Negli anni del governo Draghi, diversi parlamentari di Meloni che seguono dossier economici rilevanti hanno cercato rapporti oltreconfine, con chi conosce il diritto europeo, per muoversi nella cornice che conta davvero. Tuttavia il rapporto tra leadership e base di Fratelli d’Italia è quasi rovesciato rispetto a quello di Salvini. Il partito di Meloni ha la base meno filo atlantica tra i partiti italiani e una leadership che invece, stretta tra Silvio Berlusconi e Matteo Salvini, sta cercando di mostrarsi garante del patto atlantico. Le ultime ricerche di opinione pubblicate da Aspen raccontano che l’elettorato di Fratelli d’Italia è quello più critico nei confronti delle sanzioni alla Russia, con un supporto che si ferma al 63 per cento, oltre dieci punti in meno rispetto all’elettorato leghista che sostiene le sanzioni al 76 per cento e meno di quello dei Cinque stelle (75 per cento) e delle sinistre (72). Meloni ha collocato senza dubbi il suo partito sul fronte atlantico mentre i suoi elettori hanno una storia diversa.

Sarà per questo che Draghi dice di aver apprezzato la «correttezza», questa la definizione che ne ha dato in colloqui informali, della leader “post fascista” sulla guerra ucraina. Una posizione che va di concerto con la nostra appartenenza all’Unione europea e con l’asse atlantico e che in questo momento per tutte le conseguenze del conflitto e il contesto internazionale in cui si inserisce ha un rilievo particolare.

Il salto di Draghi

A palazzo Chigi, alla Farnesina e ai piani alti di Eni, spiega chi conosce bene il lato americano di tutte queste vicende, in questi mesi è stata messa a punto una strategia per renderci autonomi dalla Russia «in raccordo» o «in collegamento armonioso» con gli alleati europei e atlantici. Si tratta di un disegno che a Mosca sicuramente non è stato apprezzato – tanto è vero che ieri Milano Finanza ricordava come Lavrov abbia in programma visite diplomatiche in diversi paesi con cui l’Italia ha stretto nuovi accordi sul gas – e che ha rappresentato un salto di qualità nella visione strategica dell’interesse nazionale italiano.

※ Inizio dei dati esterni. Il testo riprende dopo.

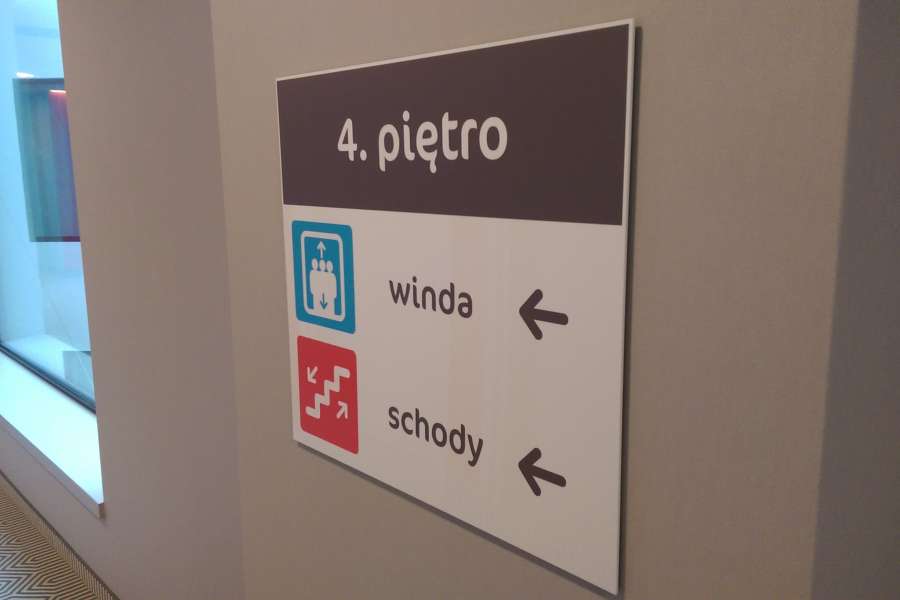 Oznakowanie budynków - tablica informacyjna z plexi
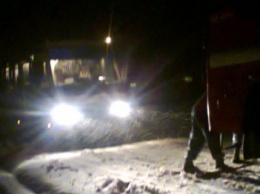 На Полтавщине спасатели освободили из снежных заторов 12 автомобилей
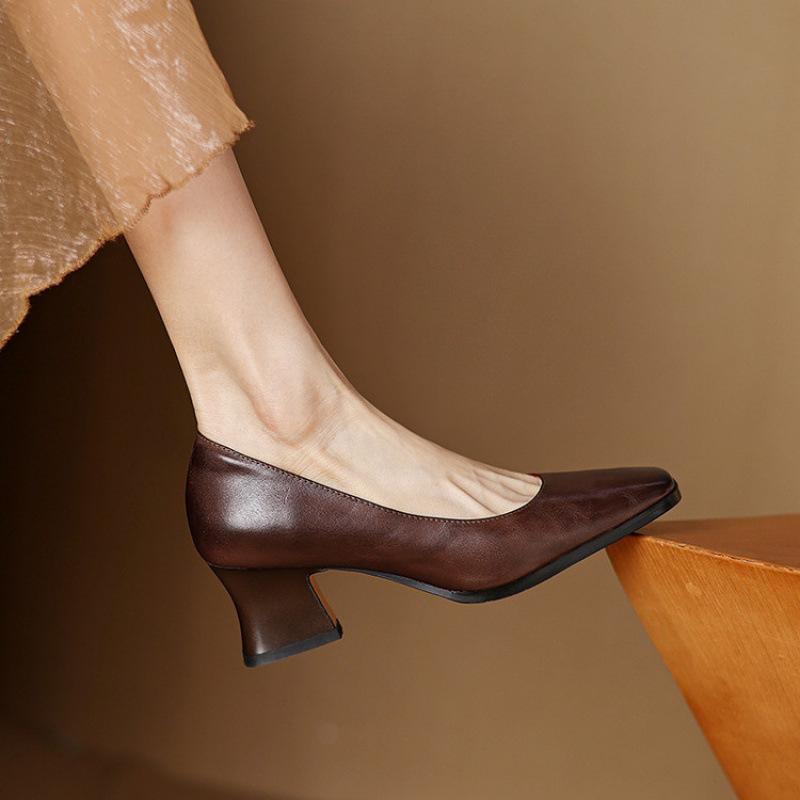 New women's fashion single shoes square head one pedal thick heel small leather shoes women's solid color casual leather large size shoes middle heel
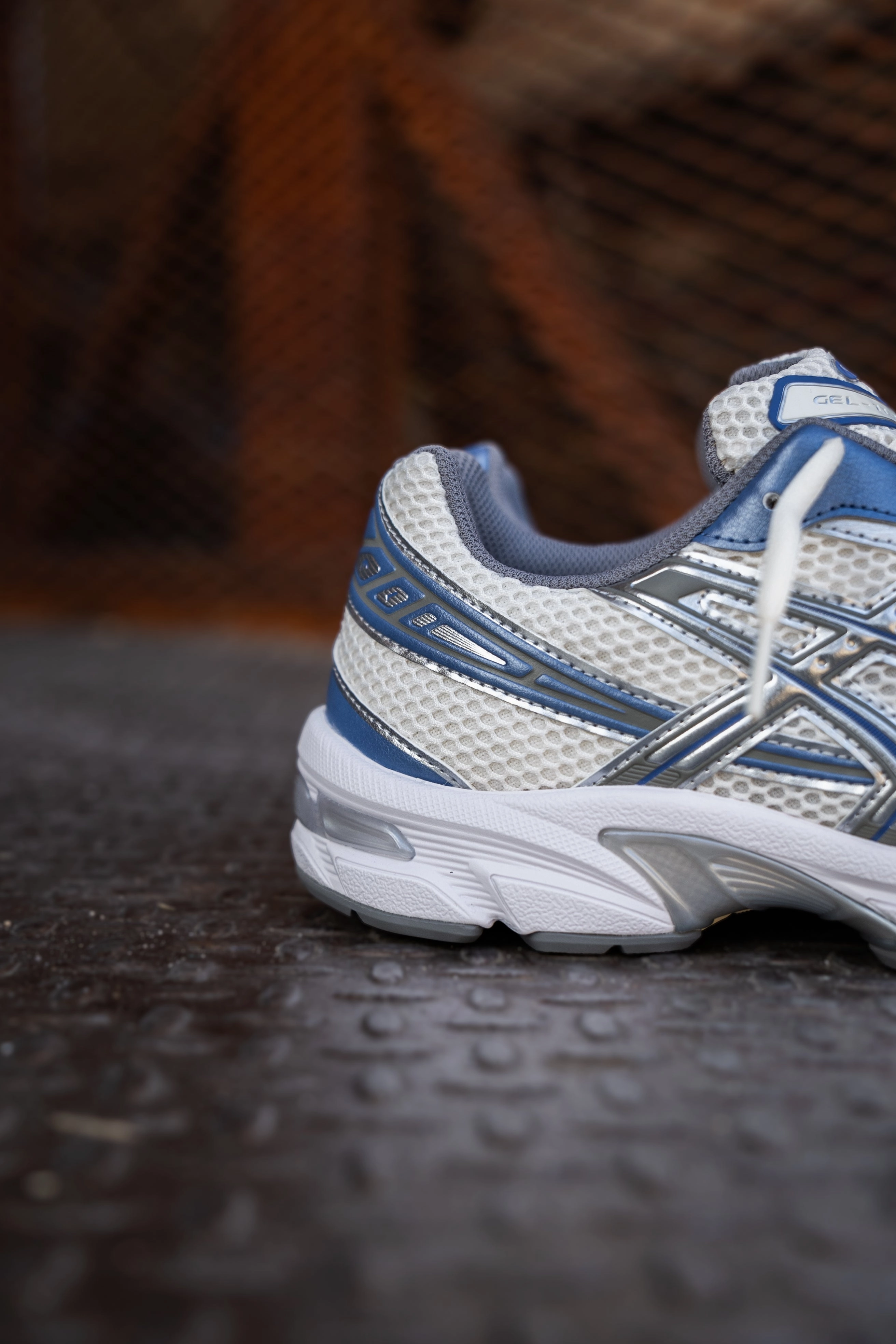 Mens Asics Gel-1130 (Cream/Blueberry) running shoe close-up shots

Proprio per questo l’idea che Claudio Descalzi possa essere invitato a ricoprire un ruolo di governo in un futuro esecutivo di centrodestra non è necessariamente apprezzata oltre Atlantico. La diplomazia americana conosce bene sia la destra italiana sia il Vaticano, e sanno che il motto promoveatur ut amoveatur ha avuto larga fortuna ben oltre le rive del Tevere.